Though Spanner-stored data can straddle the globe, due to latency concerns Google notes typical use cases will see applications spread their data across three to five datacentres in one geographic region.
Spanner is able to offer such a broad amount of geographic redundancy thanks to a method Google has developed of being able to give precise times to applications to let them write, read and replicate data without making mistakes.
"Spanner is impressive work on one of the hardest distributed systems problems" — Andy Gross, Basho
Spanner's 'TrueTime' API depends upon GPS receivers and atomic clocks that have been installed in Google's datacentres to let applications get accurate time readings locally without having to sync globally.
"The physical mechanism of closely synchronised clocks acts as a substitute for what would otherwise require some form of distributed co-ordination protocol," Peter Bailis, a graduate student in distributed systems at UC Berkeley, told ZDNet. "At large scale and over wide-area networks, minimising communication is particularly important."
Spanner has been in development for around five years, with information first leaking out about the technology in the press in 2009. Google hopes the database community will follow its lead in adopting a TrueTime-style system.
"As a community, we should no longer depend on loosely synchronised clocks and weak time APIs in designing distributed algorithms," the researchers write.
Some of the authors of the paper include Jeffrey Dean and Sanjay Ghemawat — key figures in the development of some of Google's most advanced technologies, including the Hadoop-spawning MapReduce and GFS systems.
"Like Google's MapReduce and BigTable papers, the publication of the Spanner paper provides the open source database community with a valuable peek inside the architecture and operations of the largest distributed systems in the world," Basho's Gross said.
Spanner is the successor to Google's Megastore system.
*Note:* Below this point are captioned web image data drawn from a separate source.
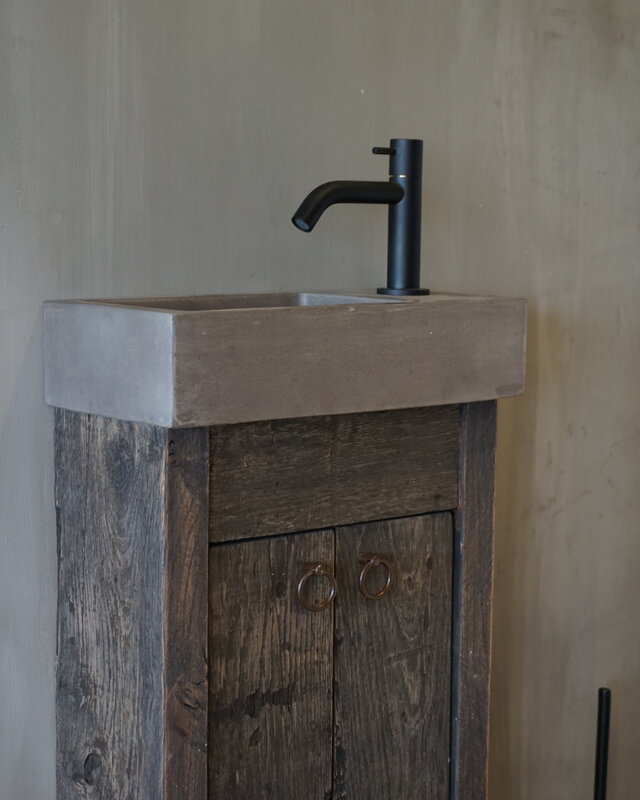 Rene Houtman Oud eikenhouten landelijk toiletmeubel + fontein dark grey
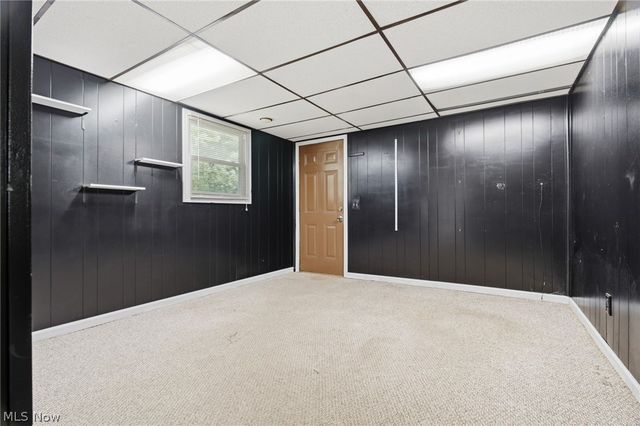 8694 Lansdale Avenue NW, North Canton, OH 44720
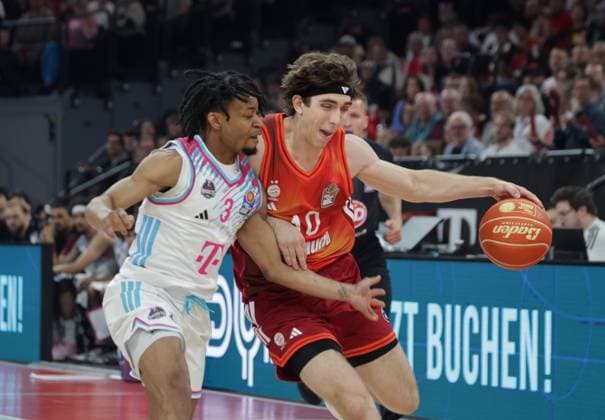 Bonns 3 COOKS vs Bayerns 10 Justinian JESSUP. Basketball, Bayern - Bonn. Bundesliga, FC Bayern Basketball - Telekom Baskets Bonn, Playoff Halbfinale, 2.Spiel, Saison 2025-2026, 1.06.2026, in Muenchen, S A P G A R D E N, Deutschland. Quelle Copyright Credit : Oryk HAIST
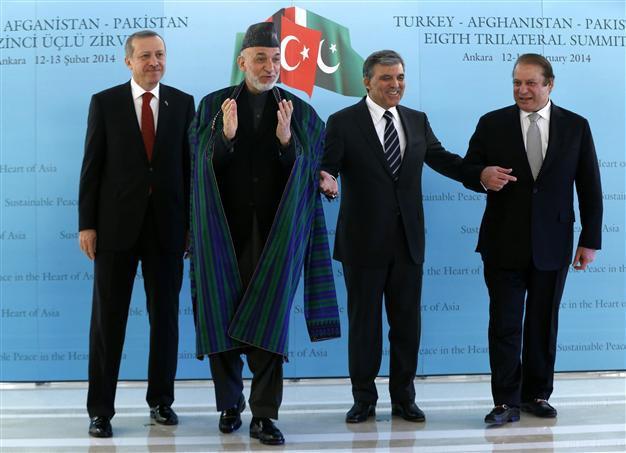 Turkey hosts Afghan and Pakistani leaders in trilateral summit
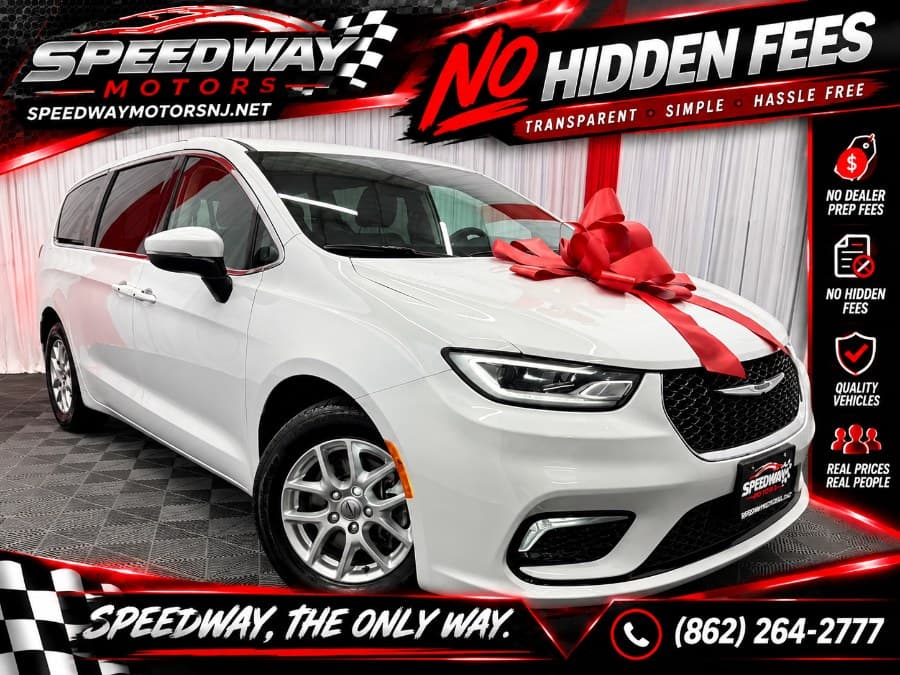 Used 2023 Chrysler Pacifica for sale in Paterson NJ — Speedway Motors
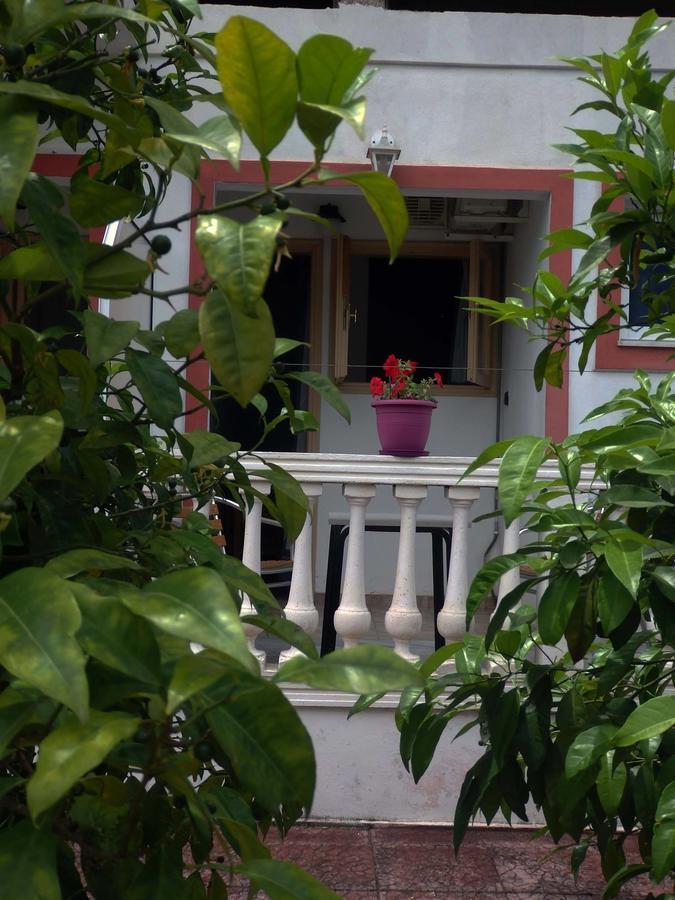 Petros Aparthotel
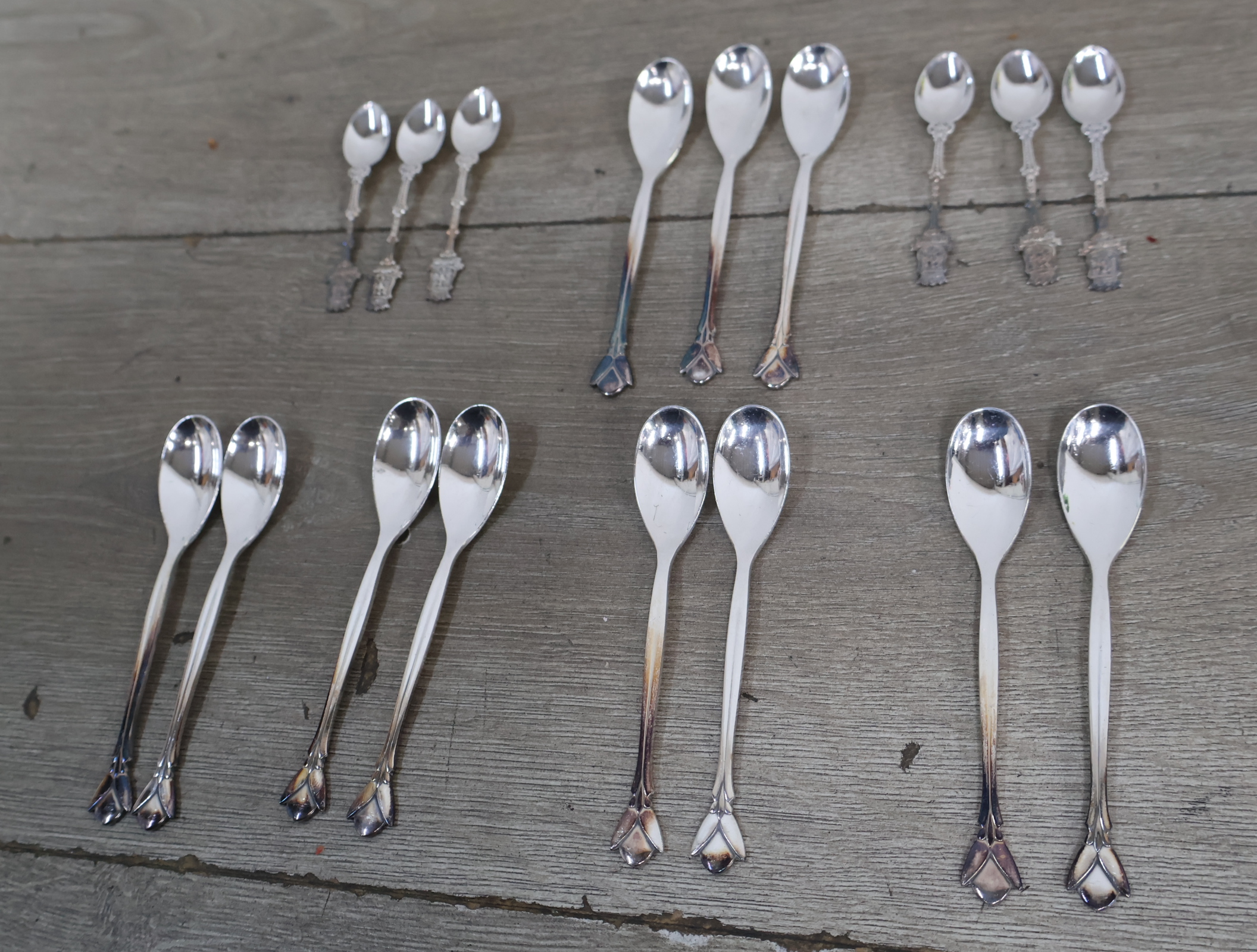 Set zilverkleurige theelepels en souvenirs lepels – foto 5 – kavel bij GSD Auctions, Zoeterwoude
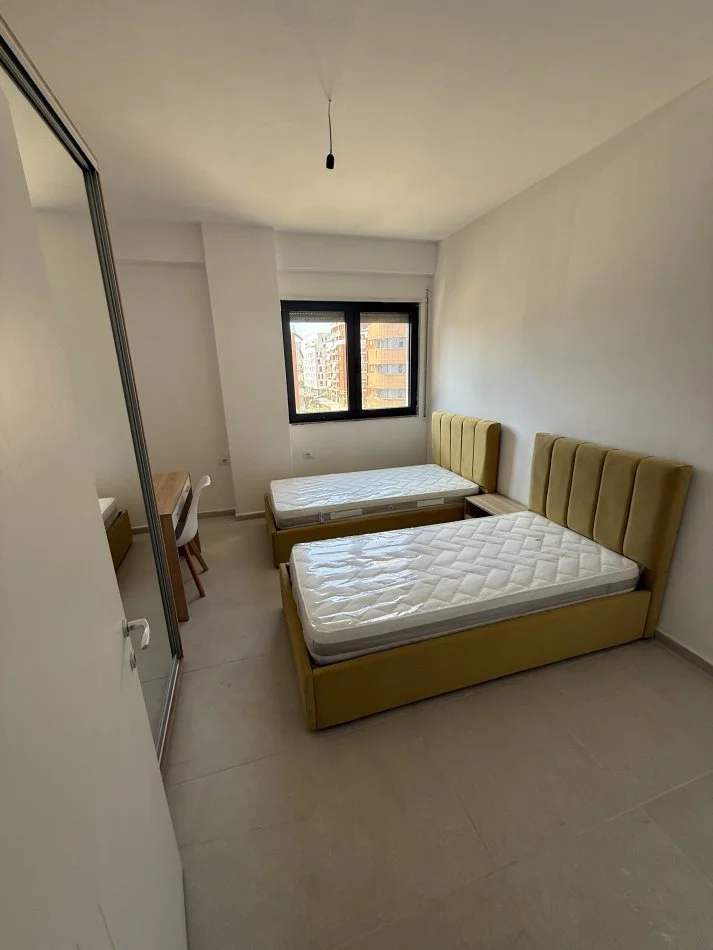 Tirane, shitet apartament 2+1+Ballkon Kati 4, 104 m² 177.000 € (Oasis Residence Astir I sapomobiluar)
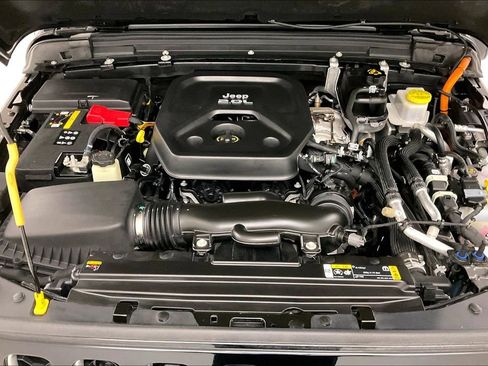 Used 2023 Jeep Wrangler Unlimited Sahara image 24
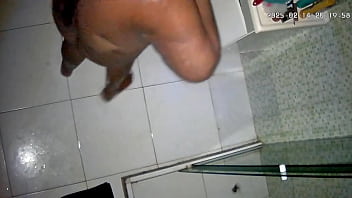 Flagra Camera Escondida Real Vizinho Instala Câmera No Banheiro De Sua Vizinha Enquanto Ela Se Masturba thumbnail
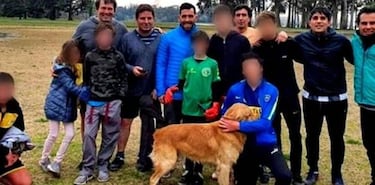 Acusan a Carlos Tevez de romper la cuarentena para jugar al fútbol con un concejal de Maipú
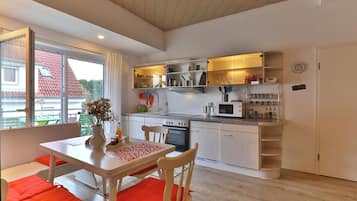 Geladeira, micro-ondas, fogão, cooktop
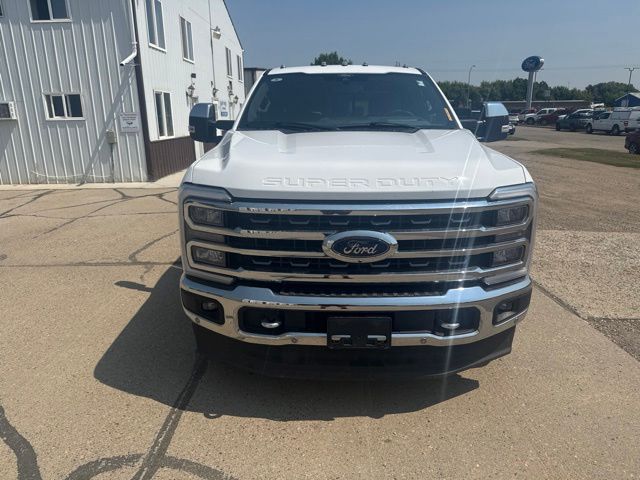 2024 Oxford White Ford Super Duty F-250 SRW King Ranch 4X4 Truck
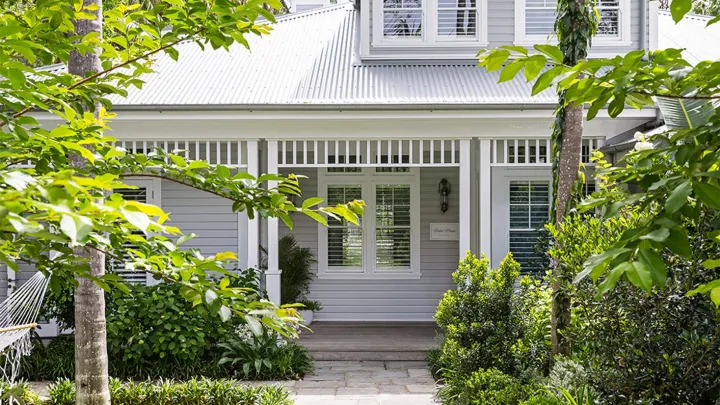 hamptons-weatherboard-coastal-cottage-exterior-garden-verandah
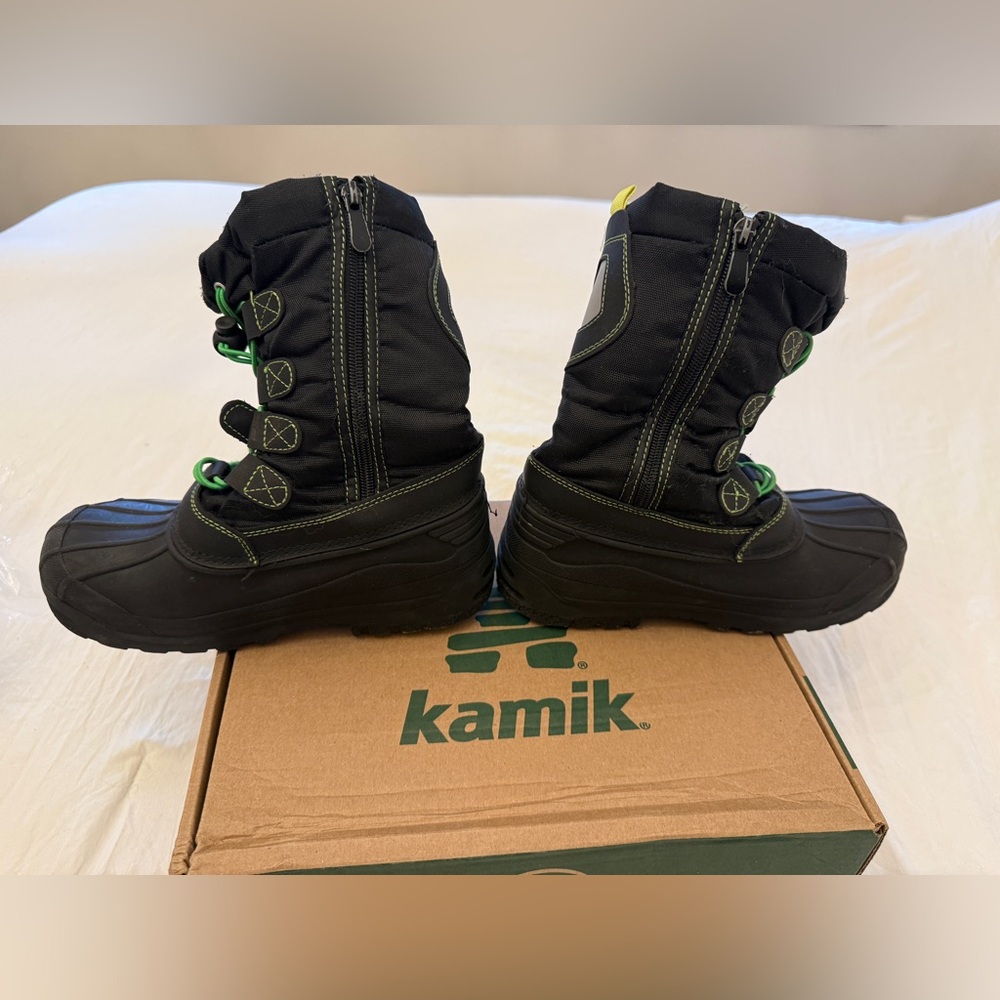 Black Boots with Green Laces - Picture 5 of 6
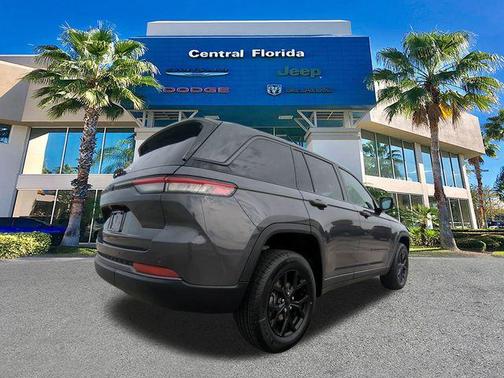 2026 Jeep Grand Cherokee Altitude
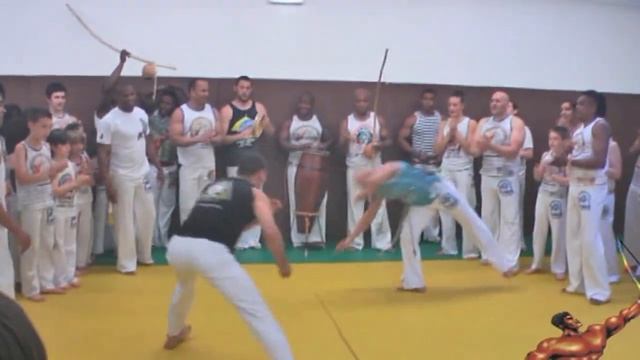 Roda de Capoeira Topazio Paris 2012 смотреть онлайн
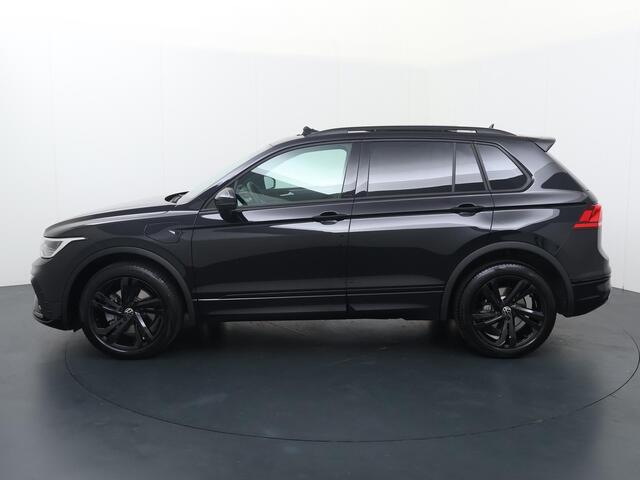 Volkswagen TIGUAN 1.4 TSI eHybrid R-Line Business | 245 PK | SoH 100% | Automaat | Trekhaak wegklapbaar | Stoelverwarming | R-line interieur | Panoramadak |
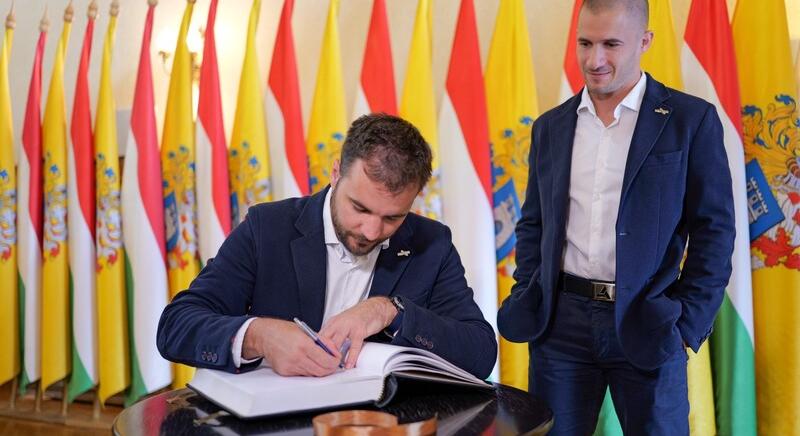 Üzenetet küldtek az űrhajósok Kaposvárnak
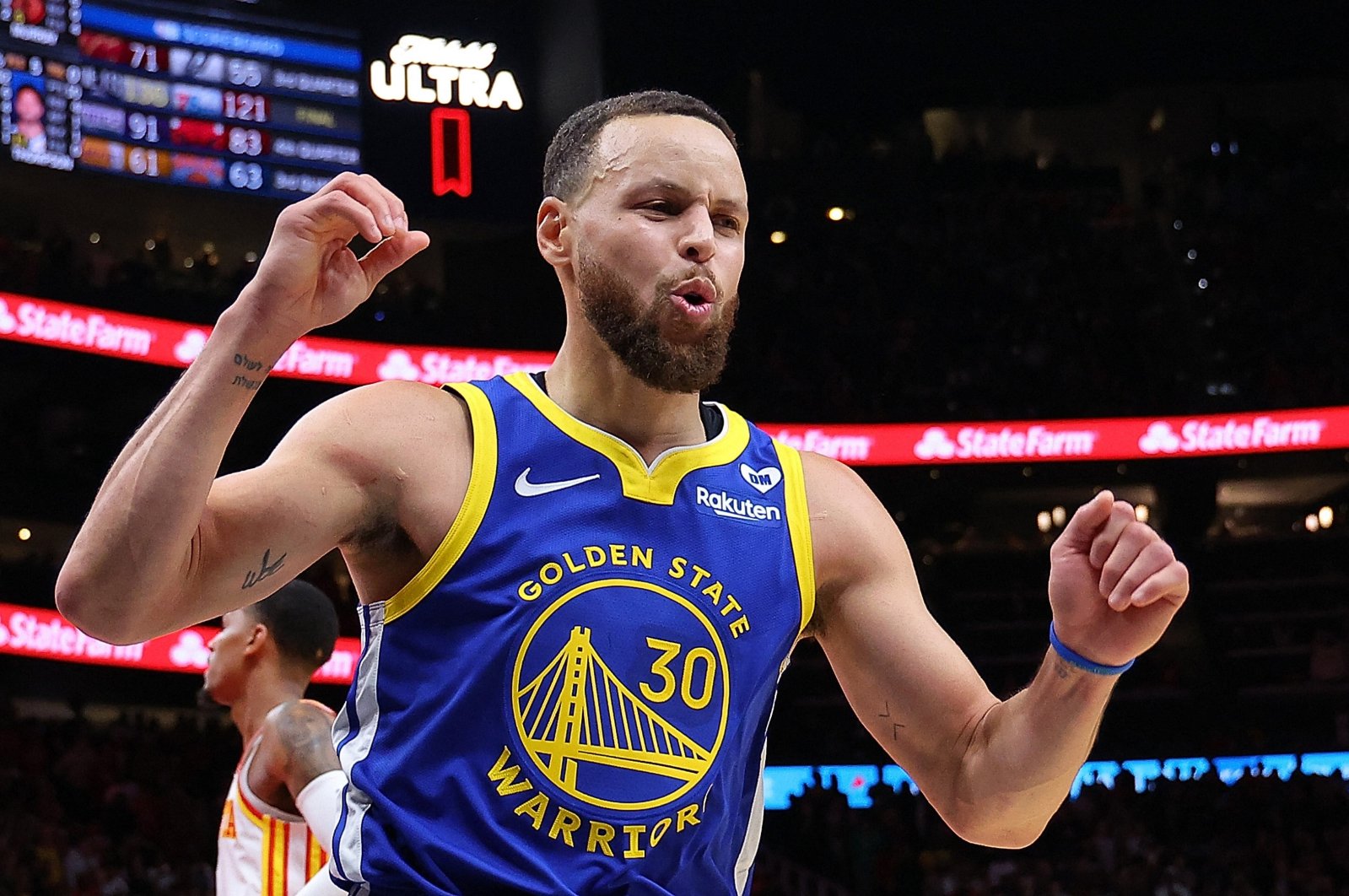 Warriors&#039; Stephen Curry reacts after missing the game-winning basket against the Hawks, Atlanta, Georgia, Feb. 03, 2024. (AFP Photo)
Bailis says Spanner appears to significantly outperform its predecessor, though the best applications for it will be ones that read a lot of data but write relatively little.
There are still a few caveats that could prevent broad Spanner adoption, such as the latency cost of geographically distributed write operations.
"Whether the cost is worthwhile ultimately depends on the application. Spanner's read-only transactions have substantially lower overhead, so for read-mostly web workloads, the cost isn't so large," he says.
Also, not every company has the scale or resources to link GPS systems and atomic clocks to the servers in its datacentres.
So far, Google has moved much of the F1 advertising platform from MySQL to Spanner and will migrate other applications in the future, while attempting to reduce latency to access data. In the research paper it notes that Gmail, Picasa, Google Calendar, the Android Market and its AppEngine cloud all use Megastore, making them potential candidates for a Spanner upgrade.
"The distributed systems community often looks to Google for battle-tested systems designs," Bailis said. He thinks the publication of Spanner could fertilise the technology industry and cause "a resurgence of popular interest in massively scalable distributed transaction processing systems in the near future".